Wir sind überzeugt, dass DOOH auch dieses Jahr und bis 2025 stark wachsen wird. Je mehr Budget in diese noch junge Kategorie fliesst, desto grösser wird der Bedarf nach noch verlässlicheren Zahlen. Mit dem nun lancierten Audit schliesst die WEMF die Lücke zwischen der bestätigten Offerte, den Tools der Anbieter und der Ausspielung der Werbung. Die WEMF erhält online via Plattform den direkten Zugriff auf die «versprochenen» Play-outs und ergänzt dies durch Feldkontrollen an den Screens.
Sie haben das neue Angebot bereits im Rahmen einer Betaphase geprüft. Was überzeugt Sie und worin kann das Produkt noch verbessert werden?
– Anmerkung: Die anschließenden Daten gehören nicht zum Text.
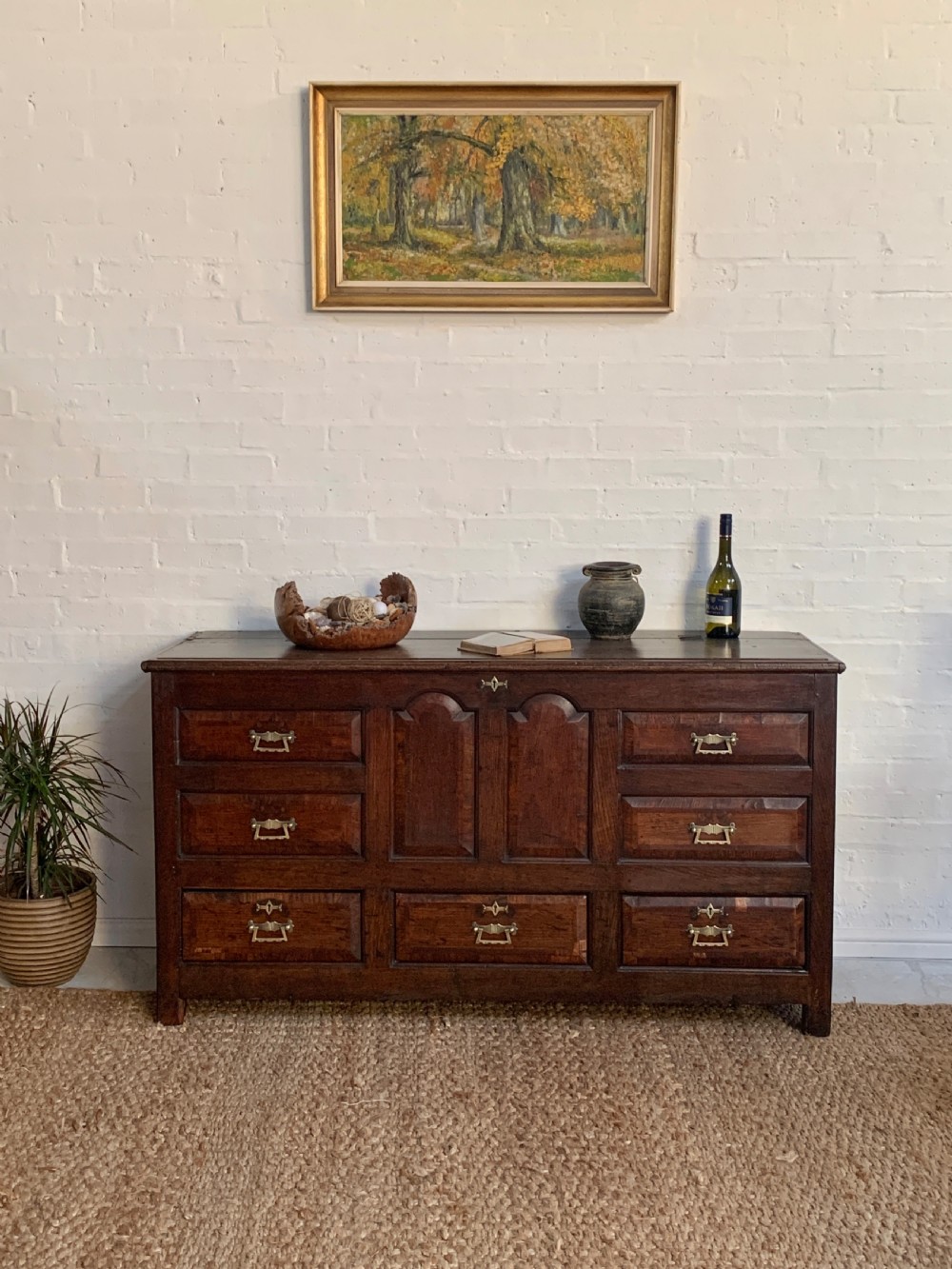 A dark oak mule chest featuring a hinged top, raised arched panels, multiple lower drawers, and brass batwing handles.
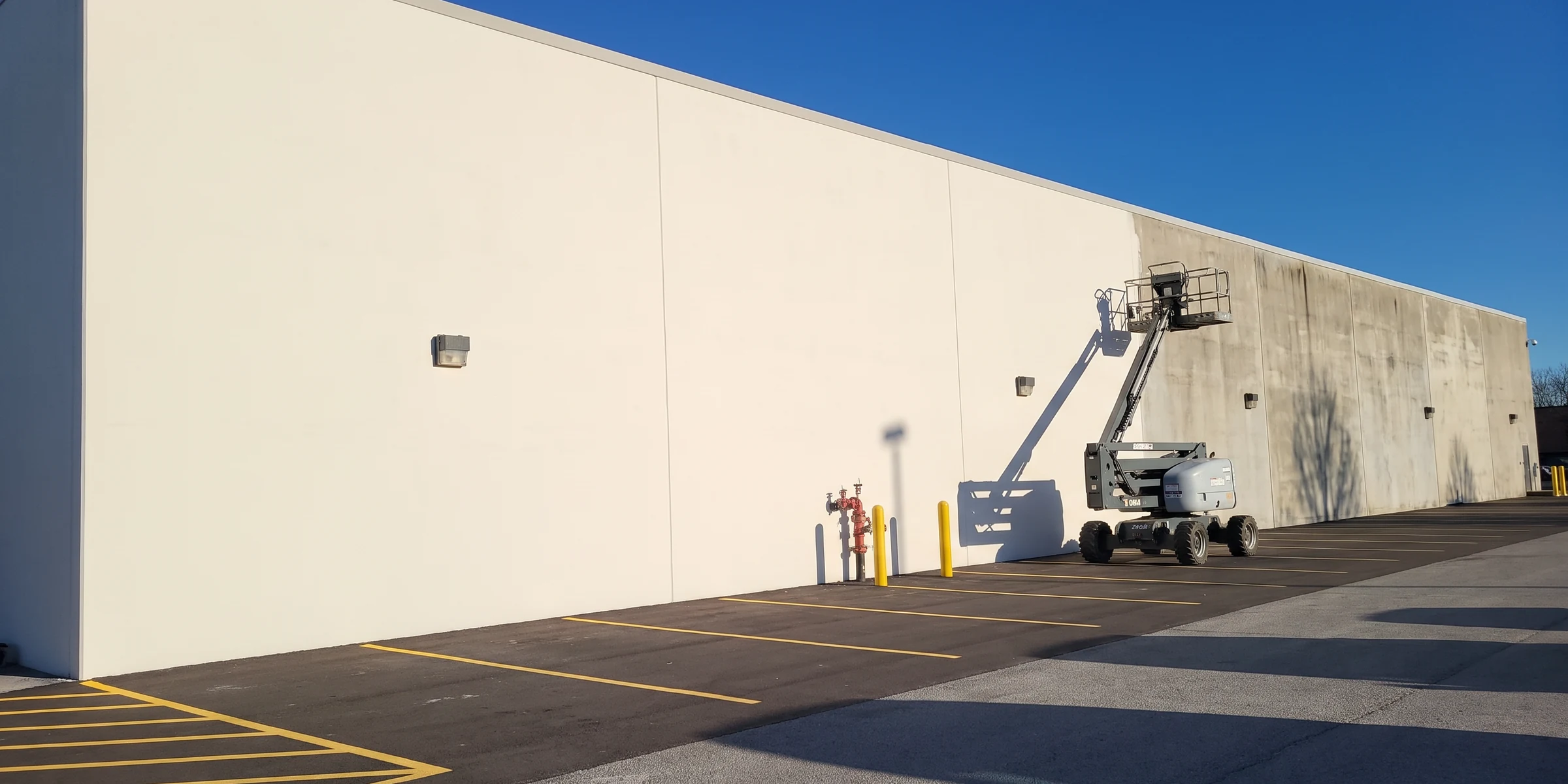 A warehouse wall half recoated in clean white, the far end still the original weathered gray, with a boom lift at the line
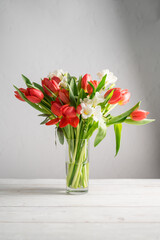 Spring floral background. Red tulips and Fresia white flower bouquet in glass vase. Copy space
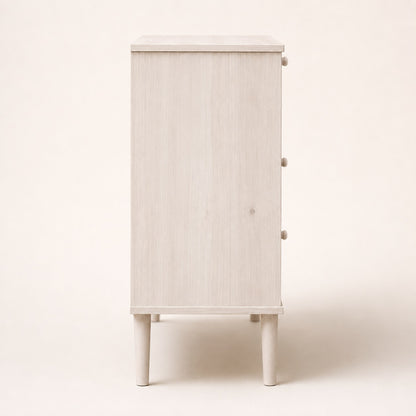 Vue de côté d’une commode 3 tiroirs blanche en rotin au design épuré et contemporain
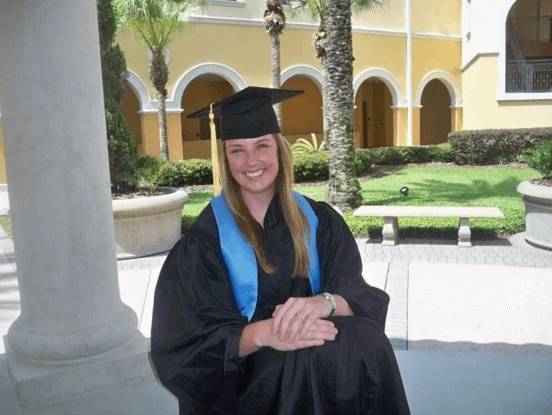 UCF alumna poses for photo in graduation regalia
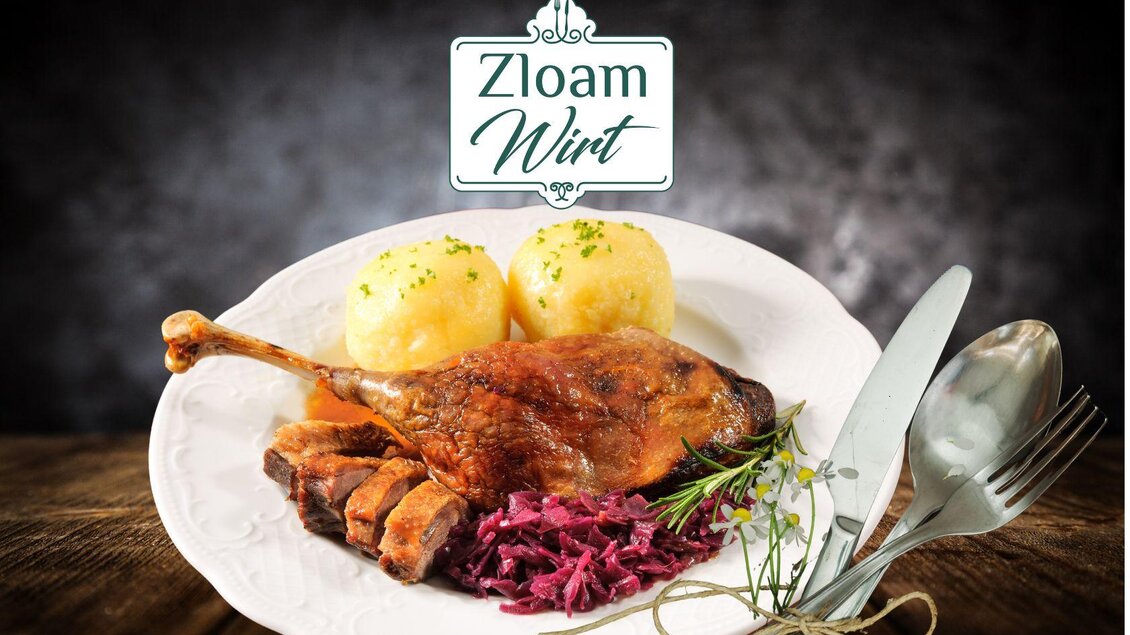 Ein köstlicher Teller mit gebratener Ente, Rotkohl und Kartoffelknödeln. Im Hintergrund ist das Logo "Zloam Wirt" sichtbar. | © www.zloam.at
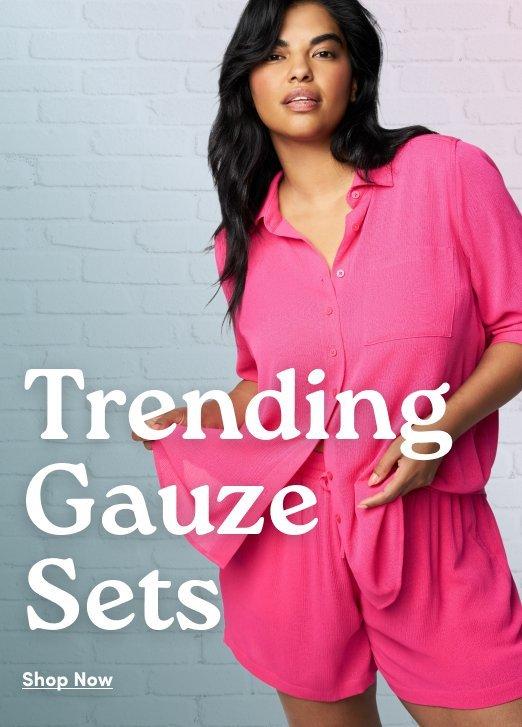 Woman wearing a bright pink gauze shirt and matching shorts with text reading “Trending Gauze Sets” and “Shop Now.”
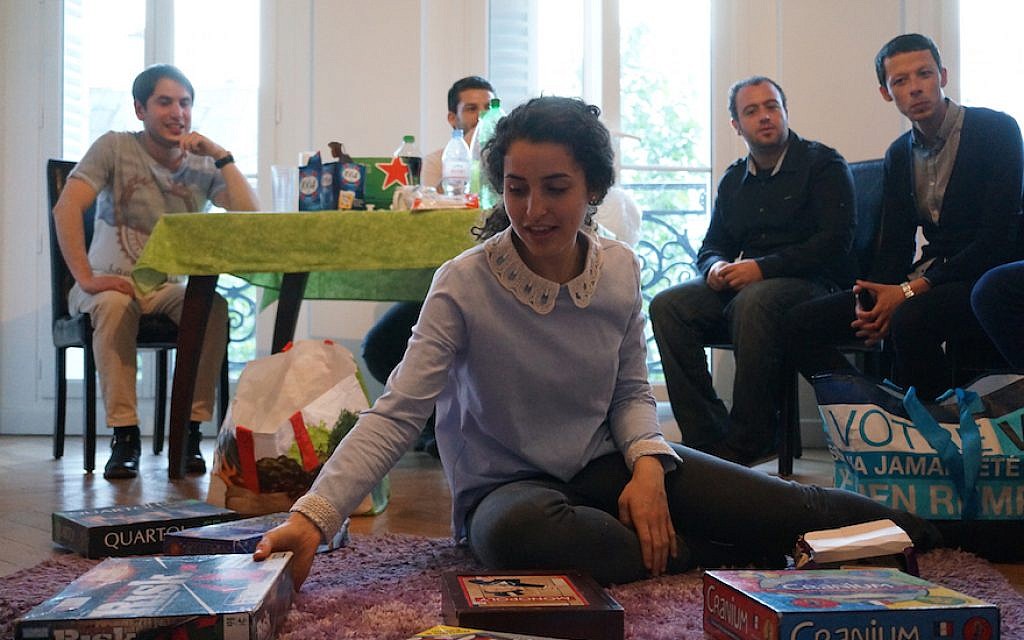 Illustrative: a host showcasing board games for her guests at Moishe House Beaubourg in Paris, May 18, 2016. (JTA/Cnaan Liphshiz) Illustrative: a host showcasing board games for her guests at Moishe House Beaubourg in Paris, May 18, 2016. (JTA/Cnaan Liphshiz)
Das Produkt funktioniert einwandfrei und die Schnittstellen ebenfalls. Was wir noch verbessern möchten, sind der Zugriff der Kunden direkt auf die Reports in Form eines Dashboards und die Rückspielung zu unseren Systemen.
Glauben Sie, dass weitere Vermarkter am Audit teilnehmen werden und dass die Zertifizierung auf dem Schweizer Markt zum Standard werden wird?
Das hoffen wir, denn es macht durchaus Sinn, für die Gattung DOOH einen weiteren Standard anbieten zu können.
Von den CHF 460 Mio., die schweizweit in die Aussenwerbung investiert werden, fallen 13% auf digitale Kampagnen. Auf das analoge Plakat fallen mit 71% deutlich mehr (Quelle: Werbestatistik 2019). Wieso setzen noch so viele Werbeauftraggeber auf klassische, gedruckte Plakatwerbung?
Weil es als «letztes Massenmedium» bei einer breiten, tendenziell jungen und mobilen Zielgruppe extrem schnell Reichweite aufbaut. Zudem gewinnt Plakat durch die Mobilität laufend an Reichweite. Diese Werbeform stört den Konsumenten nicht. Und DOOH ist noch nicht flächendeckend erhältlich – das dürfte sich jedoch in den nächsten zwei Jahren sicher ändern.
Auf welche Entwicklungen im Bereich der DOOH-Werbung darf sich die Branche einstellen?
Die Verbindung von digital und Plakat ist extrem überzeugend: Flexibilität in Bezug auf Tageszeit, Umfeld/Wetter und innerhalb der Woche bietet den Werbetreibenden ein neues Spielfeld mit 100% Brand Safety – und ich bin überzeugt, dass 2020 DOOH in der Schweiz programmatisch buchbar wird und die Daten damit für die digitale Aussenwerbung noch mehr Gewicht erhalten. Ich glaube auch, dass DOOH als eigener Medienvektor im Media-Mix eingesetzt werden wird, wenn die Kreativität und die Flexibilität mit der entsprechenden Reichweite unterlegt werden.
Welche Herausforderungen kommen damit auf die Medienforschung zu?
Die Ausspielung bzw. die Wirkung der verschiedenen Spots auf Stundenbasis im One-to-many-Bereich messbar zu machen und dem Fakt Rechnung zu tragen, dass die Frequenzen mit (D)OOH im Wochenverlauf, im Jahresverlauf und eventbezogen sehr unterschiedlich sein können.
Zurück in die Aktualität: Welche Kennzahlen fehlen heute noch, die Ihre Arbeit erleichtern würden?
Die Datengrundlagen für echte programmatische Angebote auf breiter Basis.
Bald ist Weihnachten: Wenn Sie frei wählen könnten, was wünschten Sie sich von der WEMF?
Eine Wirkungsforschung der verschiedenen Medien in Kombination – insbesondere (D)OOH und Online/E-Commerce.
Vielen Dank für Ihre spannenden Ausführungen und Inputs.
Zur Person
Christoph Marty ist seit 2016 CEO der Clear Channel Schweiz AG und Mitglied des European Boards der Clear Channel-Gruppe. Zuvor war der Manager mit langjähriger Marketing- und Verkaufserfahrung CEO Schweiz der Publicitas AG sowie in verschiedenen leitenden Positionen bei der AZ Medien AG und der TA-Media AG tätig.